Edge leg2 = adjacency.get(leg1.b).get(y);
if (leg2 == null) {
continue;
}

p += Math.min(leg1.capacity, leg2.capacity);
}
return p;
}
}


We switched from List<Edge> to  Map<Integer, Edge> in adjacency list.

The complexity of calculating the result is O(deg(x)) which is O(M).


Optimizations


Optimizations outlined in the editorial are


Caching query results


We cache the results in a 2D map, Map<Integer, Map<Integer, Long>>.

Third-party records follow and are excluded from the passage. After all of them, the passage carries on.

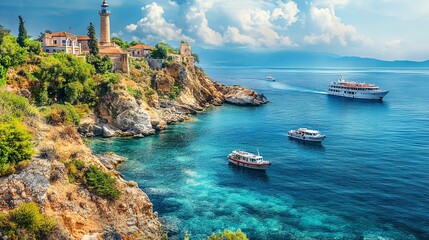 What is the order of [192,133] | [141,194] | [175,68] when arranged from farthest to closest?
[175,68]
[192,133]
[141,194]

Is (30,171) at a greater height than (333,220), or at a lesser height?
greater

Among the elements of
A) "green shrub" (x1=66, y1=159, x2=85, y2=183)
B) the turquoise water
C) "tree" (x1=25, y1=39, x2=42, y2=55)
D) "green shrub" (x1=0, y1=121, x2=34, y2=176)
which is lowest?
the turquoise water

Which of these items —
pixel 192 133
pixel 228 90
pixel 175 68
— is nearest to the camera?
pixel 192 133

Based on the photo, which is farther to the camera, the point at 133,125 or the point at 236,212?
the point at 133,125

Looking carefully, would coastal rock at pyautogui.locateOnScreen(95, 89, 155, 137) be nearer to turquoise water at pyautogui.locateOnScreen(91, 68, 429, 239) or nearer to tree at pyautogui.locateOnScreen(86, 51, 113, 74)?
turquoise water at pyautogui.locateOnScreen(91, 68, 429, 239)

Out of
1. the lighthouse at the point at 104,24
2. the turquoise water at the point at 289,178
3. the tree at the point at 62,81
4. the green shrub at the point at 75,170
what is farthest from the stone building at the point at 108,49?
the green shrub at the point at 75,170

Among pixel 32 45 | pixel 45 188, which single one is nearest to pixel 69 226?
pixel 45 188

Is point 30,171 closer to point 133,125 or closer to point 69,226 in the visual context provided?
point 69,226

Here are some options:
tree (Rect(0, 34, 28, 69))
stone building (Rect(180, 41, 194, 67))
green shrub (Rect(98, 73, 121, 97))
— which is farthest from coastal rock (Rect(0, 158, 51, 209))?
stone building (Rect(180, 41, 194, 67)) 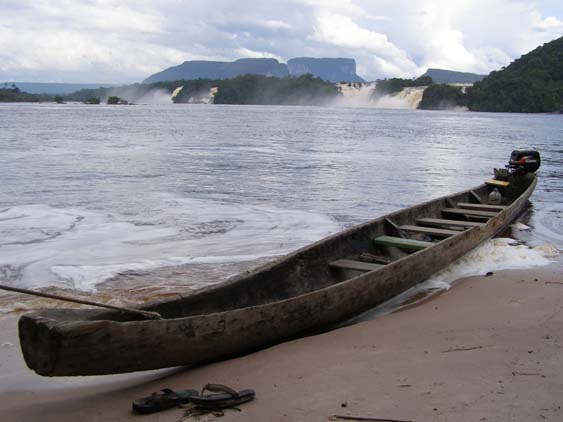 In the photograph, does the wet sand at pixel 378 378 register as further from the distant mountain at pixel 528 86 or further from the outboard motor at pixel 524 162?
the distant mountain at pixel 528 86

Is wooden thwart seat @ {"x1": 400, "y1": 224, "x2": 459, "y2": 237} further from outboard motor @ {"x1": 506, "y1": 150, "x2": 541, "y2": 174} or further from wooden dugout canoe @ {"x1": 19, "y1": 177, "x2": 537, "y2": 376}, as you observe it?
outboard motor @ {"x1": 506, "y1": 150, "x2": 541, "y2": 174}

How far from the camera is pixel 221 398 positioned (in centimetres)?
409

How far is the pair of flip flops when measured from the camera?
4.06 meters

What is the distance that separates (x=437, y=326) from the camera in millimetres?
5992

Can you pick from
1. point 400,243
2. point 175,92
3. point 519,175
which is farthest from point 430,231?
point 175,92

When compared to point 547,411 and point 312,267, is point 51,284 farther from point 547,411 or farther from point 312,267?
point 547,411

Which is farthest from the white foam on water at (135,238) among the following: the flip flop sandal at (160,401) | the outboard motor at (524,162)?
the outboard motor at (524,162)

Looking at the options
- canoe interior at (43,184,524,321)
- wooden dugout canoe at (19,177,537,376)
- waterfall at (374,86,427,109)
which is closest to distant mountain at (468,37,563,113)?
waterfall at (374,86,427,109)

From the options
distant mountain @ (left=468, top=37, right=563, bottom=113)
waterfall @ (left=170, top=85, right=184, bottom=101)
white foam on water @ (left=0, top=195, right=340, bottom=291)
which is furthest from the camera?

Selecting the node with smaller degree


We check adjacency list size to pick start node with fewer neighbors.

Solution


The new version for the query logics is

Map<Integer, Map<Integer, Long>> results = new HashMap<>();

public long passengers(int x, int y) {
if (adjacency.get(x).size() > adjacency.get(y).size()) {
return passengers(y, x);
}
// assert x has fewer neighbors than y

return results.computeIfAbsent(x, x2 -> new HashMap<>())
.computeIfAbsent(y, y2 -> computePassengers(x, y));
}

private long computePassengers(int x, int y) {
long p = 0;
for (Edge leg1: adjacency.get(x).values()) {
if (leg1.b == y) {
p += 2 * leg1.capacity;
continue;
}

Edge leg2 = adjacency.get(leg1.b).get(y);
if (leg2 == null) {
continue;
}

p += Math.min(leg1.capacity, leg2.capacity);
}
return p;
}

Conclusion


Simple approaches did not fit problem constraints.

We looked at doing offline computation. To get query in O(1), caching all values required O(N^2) space complexity. Calculating them was O(M^2) runtime complexity. Both size are impractical.

For online computation, 1 query's runtime was at first O(M) with optimized data structure using map in adjacency list.

It turned out that simple further optimizations such as caching previous queries and picking node with smaller degree did the trick to reduce overall runtime from O(Q*M) down to O(Q^(1/2)*M).